### Prompt
The entries below should be transcribed exactly, every one of them.

### Given records
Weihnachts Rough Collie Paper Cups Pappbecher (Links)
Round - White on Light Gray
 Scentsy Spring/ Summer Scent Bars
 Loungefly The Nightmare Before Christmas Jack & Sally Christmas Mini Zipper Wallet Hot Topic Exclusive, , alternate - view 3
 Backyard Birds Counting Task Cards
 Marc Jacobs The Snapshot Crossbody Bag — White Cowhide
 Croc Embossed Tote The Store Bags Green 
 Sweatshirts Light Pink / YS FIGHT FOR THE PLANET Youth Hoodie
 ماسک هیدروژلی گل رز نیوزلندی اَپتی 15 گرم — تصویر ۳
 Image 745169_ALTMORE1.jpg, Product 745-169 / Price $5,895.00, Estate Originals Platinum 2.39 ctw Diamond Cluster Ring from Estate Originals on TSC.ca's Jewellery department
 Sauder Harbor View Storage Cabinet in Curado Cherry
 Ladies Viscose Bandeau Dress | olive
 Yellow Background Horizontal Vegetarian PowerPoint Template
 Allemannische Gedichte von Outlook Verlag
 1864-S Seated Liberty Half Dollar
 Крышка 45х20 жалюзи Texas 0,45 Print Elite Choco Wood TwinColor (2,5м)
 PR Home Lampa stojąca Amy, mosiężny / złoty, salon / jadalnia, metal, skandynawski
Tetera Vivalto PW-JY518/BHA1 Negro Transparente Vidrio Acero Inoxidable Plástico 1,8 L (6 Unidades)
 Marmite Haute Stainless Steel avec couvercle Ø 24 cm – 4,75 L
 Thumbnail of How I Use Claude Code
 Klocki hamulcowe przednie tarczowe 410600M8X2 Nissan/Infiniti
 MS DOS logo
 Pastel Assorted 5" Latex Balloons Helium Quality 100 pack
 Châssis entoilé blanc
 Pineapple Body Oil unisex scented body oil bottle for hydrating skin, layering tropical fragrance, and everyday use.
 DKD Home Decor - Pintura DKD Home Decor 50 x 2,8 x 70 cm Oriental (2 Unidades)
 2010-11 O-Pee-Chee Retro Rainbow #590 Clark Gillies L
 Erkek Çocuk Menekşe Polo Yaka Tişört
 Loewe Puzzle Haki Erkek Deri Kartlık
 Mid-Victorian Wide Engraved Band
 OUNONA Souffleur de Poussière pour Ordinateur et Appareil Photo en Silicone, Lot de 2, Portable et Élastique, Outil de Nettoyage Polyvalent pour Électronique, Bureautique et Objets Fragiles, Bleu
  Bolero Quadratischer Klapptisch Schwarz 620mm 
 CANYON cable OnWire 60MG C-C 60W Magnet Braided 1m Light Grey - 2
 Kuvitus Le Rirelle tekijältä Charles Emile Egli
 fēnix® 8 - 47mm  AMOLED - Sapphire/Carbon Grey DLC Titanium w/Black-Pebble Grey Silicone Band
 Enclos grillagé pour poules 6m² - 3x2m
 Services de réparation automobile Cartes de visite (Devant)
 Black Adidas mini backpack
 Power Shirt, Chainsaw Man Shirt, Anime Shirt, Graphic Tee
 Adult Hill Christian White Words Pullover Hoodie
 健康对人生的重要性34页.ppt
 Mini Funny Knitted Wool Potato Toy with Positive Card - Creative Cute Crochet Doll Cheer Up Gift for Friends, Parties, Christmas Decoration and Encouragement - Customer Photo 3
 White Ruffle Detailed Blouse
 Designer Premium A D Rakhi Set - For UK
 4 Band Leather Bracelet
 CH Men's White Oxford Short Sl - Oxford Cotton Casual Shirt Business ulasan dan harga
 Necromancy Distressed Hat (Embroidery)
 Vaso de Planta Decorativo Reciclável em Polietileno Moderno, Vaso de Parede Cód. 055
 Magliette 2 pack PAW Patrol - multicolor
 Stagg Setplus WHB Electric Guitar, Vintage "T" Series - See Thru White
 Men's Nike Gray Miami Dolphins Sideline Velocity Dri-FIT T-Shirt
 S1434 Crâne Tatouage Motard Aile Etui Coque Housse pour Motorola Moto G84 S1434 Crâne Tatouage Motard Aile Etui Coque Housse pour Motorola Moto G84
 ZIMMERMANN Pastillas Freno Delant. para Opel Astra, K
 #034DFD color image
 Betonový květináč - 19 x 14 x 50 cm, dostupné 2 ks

### Expected answer
Weihnachts Rough Collie Paper Cups Pappbecher (Links)
Round - White on Light Gray
 Scentsy Spring/ Summer Scent Bars
 Loungefly The Nightmare Before Christmas Jack & Sally Christmas Mini Zipper Wallet Hot Topic Exclusive, , alternate - view 3
 Backyard Birds Counting Task Cards
 Marc Jacobs The Snapshot Crossbody Bag — White Cowhide
 Croc Embossed Tote The Store Bags Green 
 Sweatshirts Light Pink / YS FIGHT FOR THE PLANET Youth Hoodie
 ماسک هیدروژلی گل رز نیوزلندی اَپتی 15 گرم — تصویر ۳
 Image 745169_ALTMORE1.jpg, Product 745-169 / Price $5,895.00, Estate Originals Platinum 2.39 ctw Diamond Cluster Ring from Estate Originals on TSC.ca's Jewellery department
 Sauder Harbor View Storage Cabinet in Curado Cherry
 Ladies Viscose Bandeau Dress | olive
 Yellow Background Horizontal Vegetarian PowerPoint Template
 Allemannische Gedichte von Outlook Verlag
 1864-S Seated Liberty Half Dollar
 Крышка 45х20 жалюзи Texas 0,45 Print Elite Choco Wood TwinColor (2,5м)
 PR Home Lampa stojąca Amy, mosiężny / złoty, salon / jadalnia, metal, skandynawski
Tetera Vivalto PW-JY518/BHA1 Negro Transparente Vidrio Acero Inoxidable Plástico 1,8 L (6 Unidades)
 Marmite Haute Stainless Steel avec couvercle Ø 24 cm – 4,75 L
 Thumbnail of How I Use Claude Code
 Klocki hamulcowe przednie tarczowe 410600M8X2 Nissan/Infiniti
 MS DOS logo
 Pastel Assorted 5" Latex Balloons Helium Quality 100 pack
 Châssis entoilé blanc
 Pineapple Body Oil unisex scented body oil bottle for hydrating skin, layering tropical fragrance, and everyday use.
 DKD Home Decor - Pintura DKD Home Decor 50 x 2,8 x 70 cm Oriental (2 Unidades)
 2010-11 O-Pee-Chee Retro Rainbow #590 Clark Gillies L
 Erkek Çocuk Menekşe Polo Yaka Tişört
 Loewe Puzzle Haki Erkek Deri Kartlık
 Mid-Victorian Wide Engraved Band
 OUNONA Souffleur de Poussière pour Ordinateur et Appareil Photo en Silicone, Lot de 2, Portable et Élastique, Outil de Nettoyage Polyvalent pour Électronique, Bureautique et Objets Fragiles, Bleu
  Bolero Quadratischer Klapptisch Schwarz 620mm 
 CANYON cable OnWire 60MG C-C 60W Magnet Braided 1m Light Grey - 2
 Kuvitus Le Rirelle tekijältä Charles Emile Egli
 fēnix® 8 - 47mm  AMOLED - Sapphire/Carbon Grey DLC Titanium w/Black-Pebble Grey Silicone Band
 Enclos grillagé pour poules 6m² - 3x2m
 Services de réparation automobile Cartes de visite (Devant)
 Black Adidas mini backpack
 Power Shirt, Chainsaw Man Shirt, Anime Shirt, Graphic Tee
 Adult Hill Christian White Words Pullover Hoodie
 健康对人生的重要性34页.ppt
 Mini Funny Knitted Wool Potato Toy with Positive Card - Creative Cute Crochet Doll Cheer Up Gift for Friends, Parties, Christmas Decoration and Encouragement - Customer Photo 3
 White Ruffle Detailed Blouse
 Designer Premium A D Rakhi Set - For UK
 4 Band Leather Bracelet
 CH Men's White Oxford Short Sl - Oxford Cotton Casual Shirt Business ulasan dan harga
 Necromancy Distressed Hat (Embroidery)
 Vaso de Planta Decorativo Reciclável em Polietileno Moderno, Vaso de Parede Cód. 055
 Magliette 2 pack PAW Patrol - multicolor
 Stagg Setplus WHB Electric Guitar, Vintage "T" Series - See Thru White
 Men's Nike Gray Miami Dolphins Sideline Velocity Dri-FIT T-Shirt
 S1434 Crâne Tatouage Motard Aile Etui Coque Housse pour Motorola Moto G84 S1434 Crâne Tatouage Motard Aile Etui Coque Housse pour Motorola Moto G84
 ZIMMERMANN Pastillas Freno Delant. para Opel Astra, K
 #034DFD color image
 Betonový květináč - 19 x 14 x 50 cm, dostupné 2 ks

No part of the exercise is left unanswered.